0:00

In this lesson we work on the same research question on the effectiveness

of RU-486 as a morning after pill that we introduced in the previous lesson.

However, this time we answer the question using a Bayesian approach.

Let's start with a quick reminder of the framework.

We had decided on considering only the 20 total pregnancies,

four of which occur in the treatment group.

And the question we're asking is,

how likely is it that four pregnancies occur in the treatment group?

Also remember that we had decided that if the treatment and control are equally

effective, and the sample sizes for the two groups are the same,

then the probability that the pregnancy comes from the treatment group is 0.5.

0:38

Within the Bayesian framework, we will also start by setting our hypotheses, or

we can think of these as the models that the data come from.

We begin by delineating each of the models we consider plausible.

We know that p, the probability that a pregnancy comes from the treatment group

can take on any value between zero and one.
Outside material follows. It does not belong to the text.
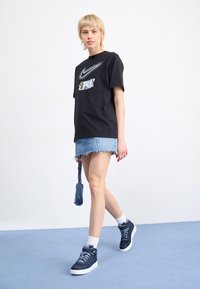 Svart T-shirt med flerfärgad grafik och detalj i rhinestone, ihop med en denimkjol och marinblå sneakers. Innehåller vita sportstrumpor.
However, we'll start slow and instead of considering a continuous parameter space

for p, we will assume that it is plausible that the chances that a pregnancy comes

from the treatment group is 10% or 20% or 30% or 40% or all the way up to 90%.

Hence, we're considering nine models,

not just one model, as was the case for the classical frequentist paradigm.

Let's pause for a second and think about what it means for p to be equal to 20%.

This means that given a pregnancy occurs, there is a two to eight,

or one to four chance that it will occur in the treatment group.

1:35

Next, we need to specify the prior probabilities we want to

assign to these hypotheses.

The prior probabilities should reflect

our state of belief prior to the current experiment.

They should incorporate the information,

learn from all relevant research up to the current point in time.

However, should not incorporate information from the current experiment.

Suppose my prior probabilities for

each of the nine models is presented in this table.

2:03

I placed to have a prior at p is equals to 0.5, a prior probability of 52% and

equally divided the remaining probability among the other models.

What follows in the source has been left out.